What needs to be done: In the records below, repeat word for word only the lines starting at the one that contains "unfurnished living room" and ending at the one that contains "A rustic, beige", pictures excluded.

Start of Block

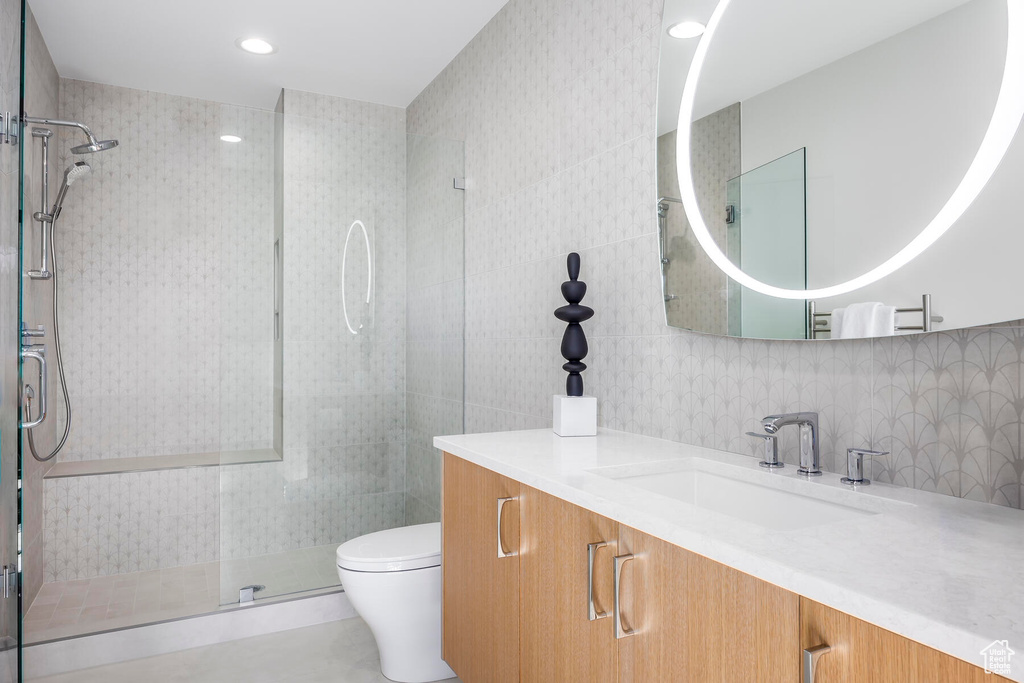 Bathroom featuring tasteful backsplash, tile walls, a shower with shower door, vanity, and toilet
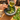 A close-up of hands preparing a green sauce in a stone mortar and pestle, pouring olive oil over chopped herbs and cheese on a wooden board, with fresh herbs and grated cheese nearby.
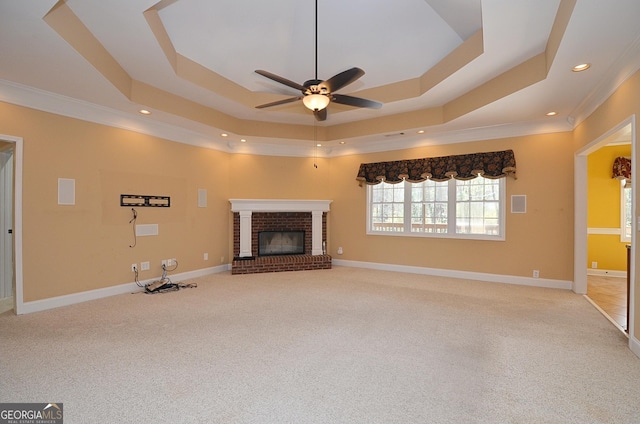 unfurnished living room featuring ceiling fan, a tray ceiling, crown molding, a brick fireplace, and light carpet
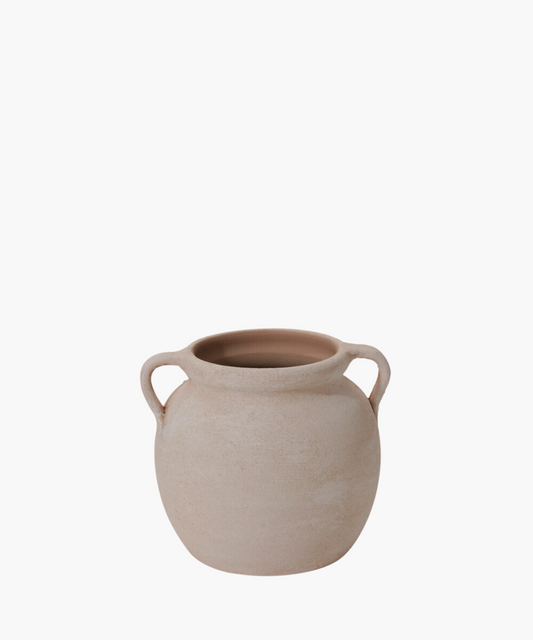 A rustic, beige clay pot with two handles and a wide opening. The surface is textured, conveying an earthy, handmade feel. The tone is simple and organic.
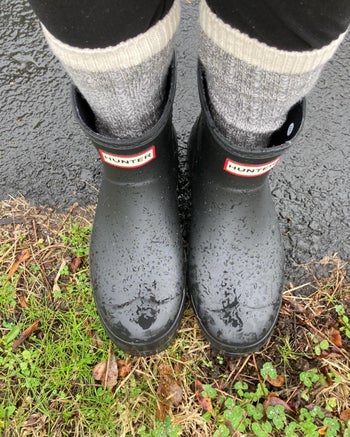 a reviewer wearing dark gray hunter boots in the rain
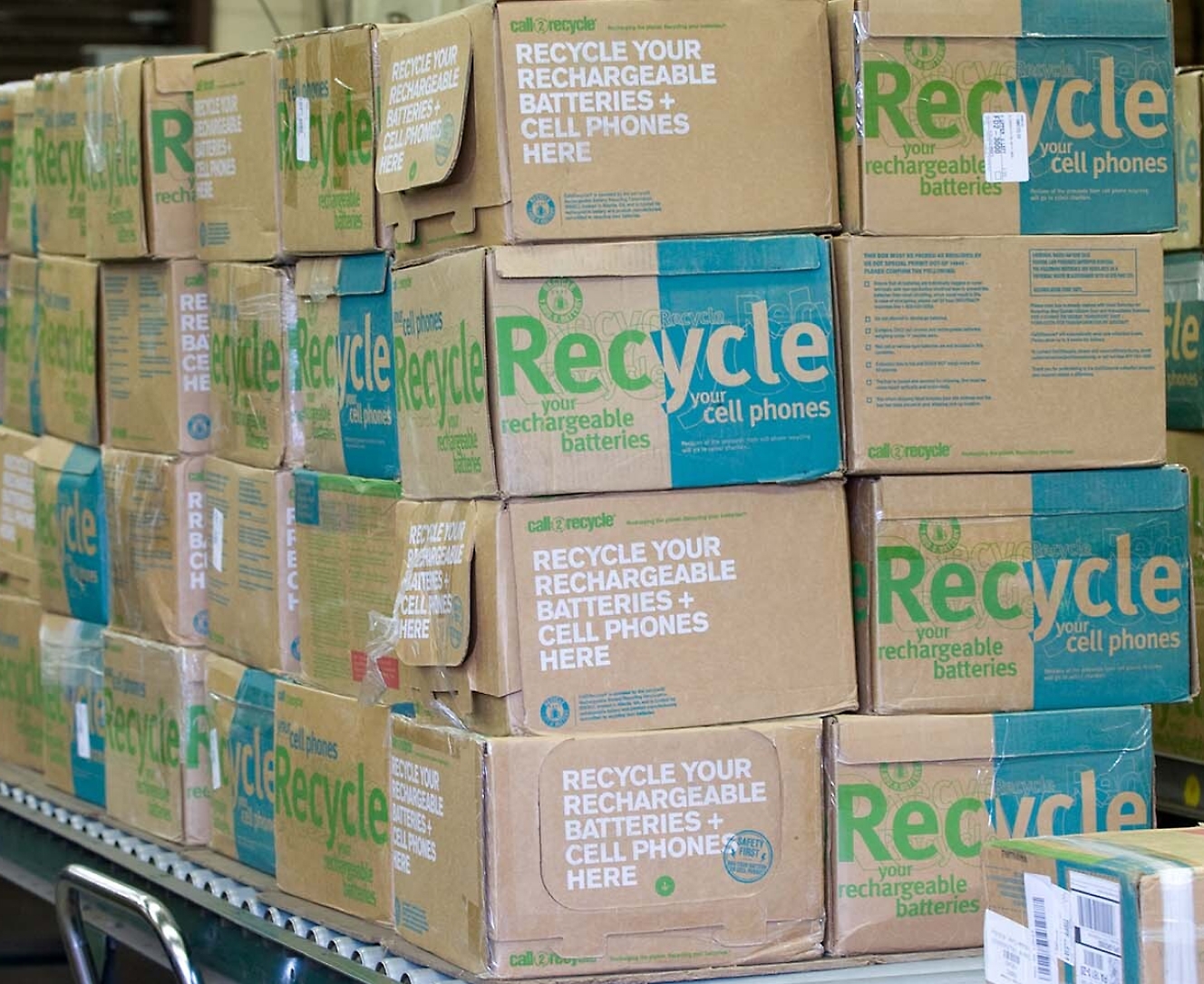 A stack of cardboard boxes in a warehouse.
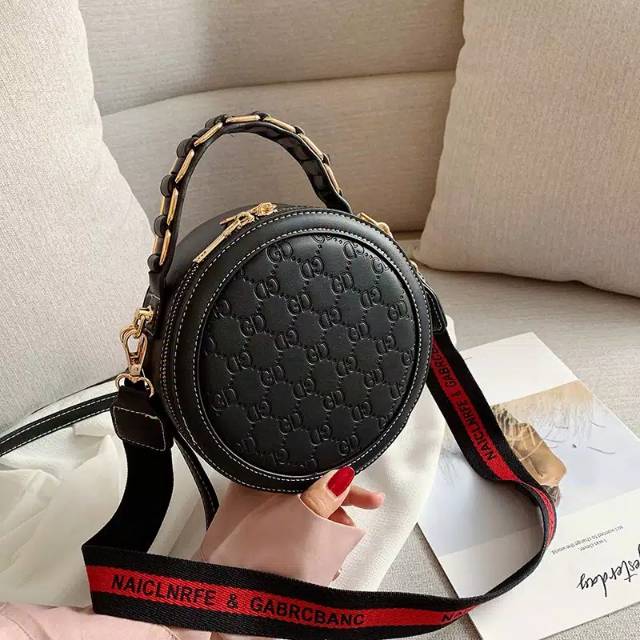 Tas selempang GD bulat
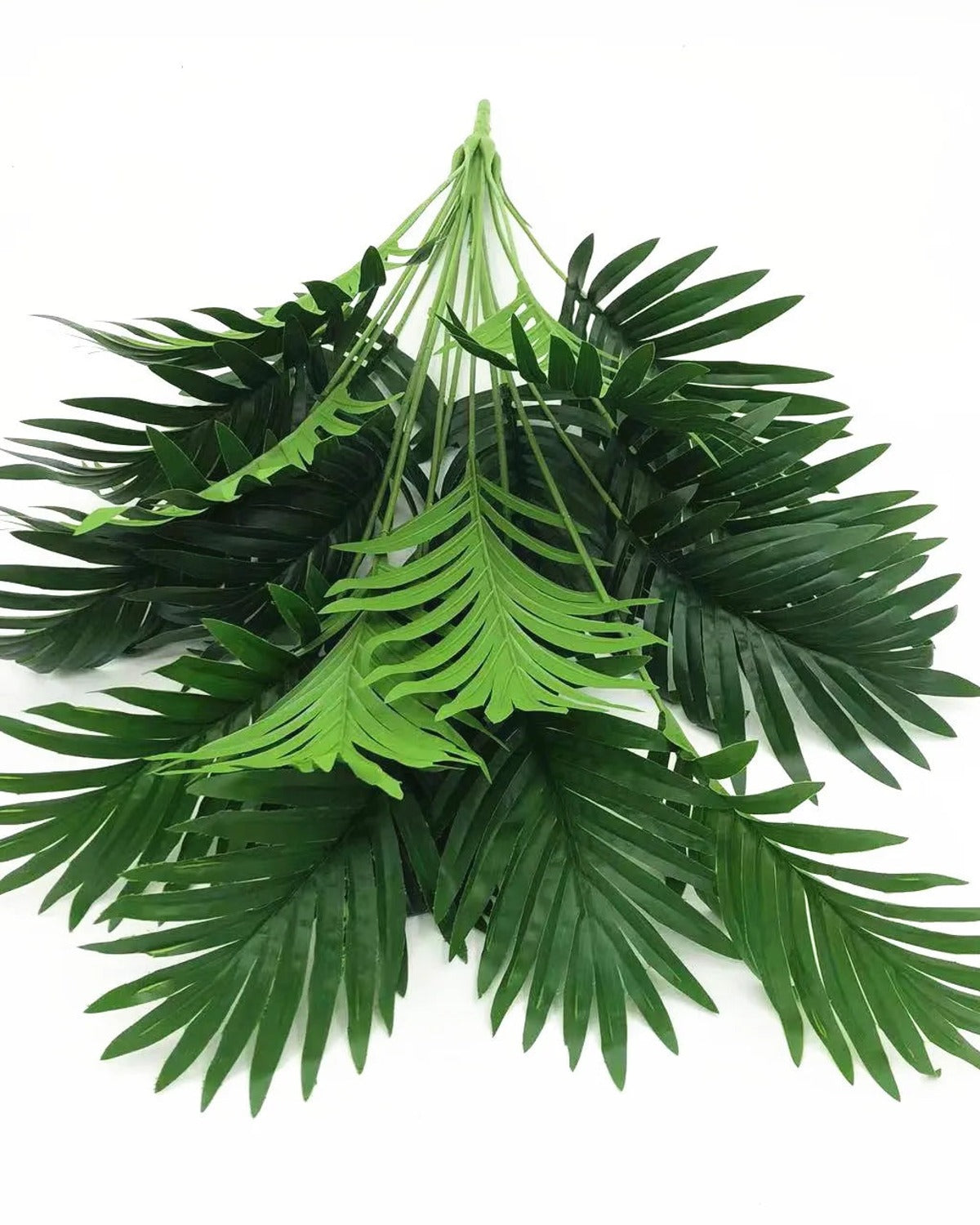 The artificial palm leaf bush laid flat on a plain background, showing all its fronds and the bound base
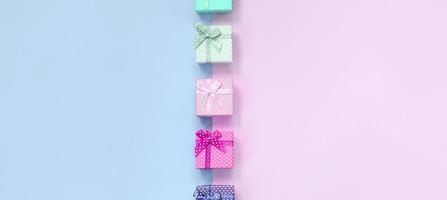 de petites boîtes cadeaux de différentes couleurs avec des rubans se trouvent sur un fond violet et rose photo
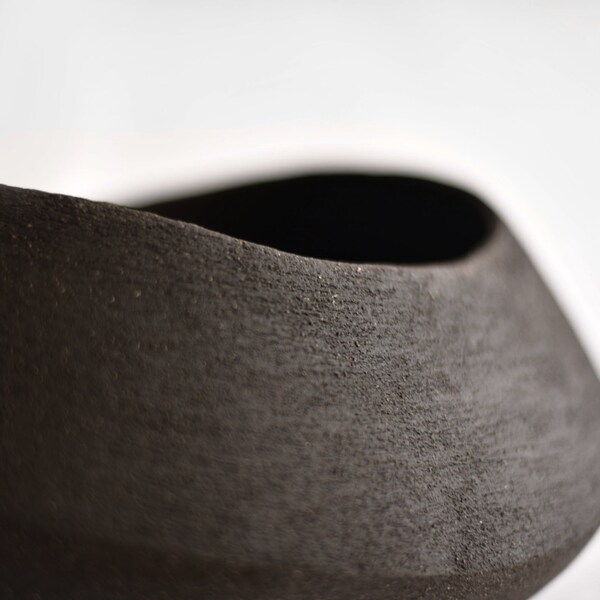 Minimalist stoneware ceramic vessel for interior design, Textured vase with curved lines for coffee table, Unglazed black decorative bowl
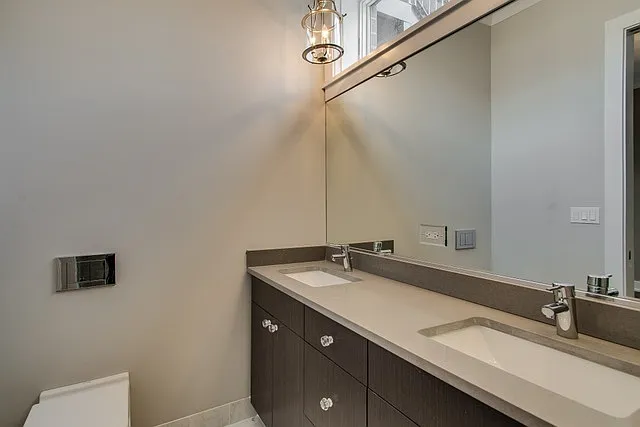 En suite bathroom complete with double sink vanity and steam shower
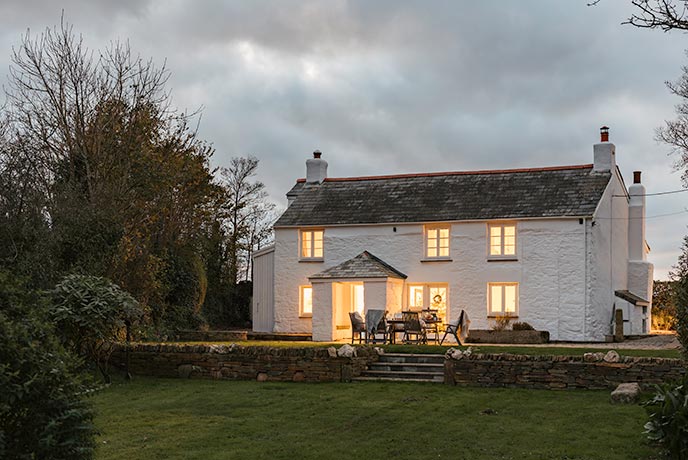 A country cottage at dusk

End of Block

Exercise output:
 unfurnished living room featuring ceiling fan, a tray ceiling, crown molding, a brick fireplace, and light carpet
 A rustic, beige clay pot with two handles and a wide opening. The surface is textured, conveying an earthy, handmade feel. The tone is simple and organic.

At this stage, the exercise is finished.